**Problem to work on**
Please take the lines from the one holding "Women's 2 Piece" through the one holding "Cabochon bouddha yin" in the data below and copy them exactly.

**Given records**
▶

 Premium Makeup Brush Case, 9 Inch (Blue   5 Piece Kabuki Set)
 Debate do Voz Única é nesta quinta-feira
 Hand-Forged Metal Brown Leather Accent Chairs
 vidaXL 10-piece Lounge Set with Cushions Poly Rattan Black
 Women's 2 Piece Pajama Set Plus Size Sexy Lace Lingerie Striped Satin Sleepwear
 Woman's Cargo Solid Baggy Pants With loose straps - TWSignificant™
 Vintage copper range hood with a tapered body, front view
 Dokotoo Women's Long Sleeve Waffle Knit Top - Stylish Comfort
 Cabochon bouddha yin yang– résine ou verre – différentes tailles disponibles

◀
▶

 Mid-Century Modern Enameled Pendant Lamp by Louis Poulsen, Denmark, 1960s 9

◀

**Response to the exercise**
 Women's 2 Piece Pajama Set Plus Size Sexy Lace Lingerie Striped Satin Sleepwear
 Woman's Cargo Solid Baggy Pants With loose straps - TWSignificant™
 Vintage copper range hood with a tapered body, front view
 Dokotoo Women's Long Sleeve Waffle Knit Top - Stylish Comfort
 Cabochon bouddha yin yang– résine ou verre – différentes tailles disponibles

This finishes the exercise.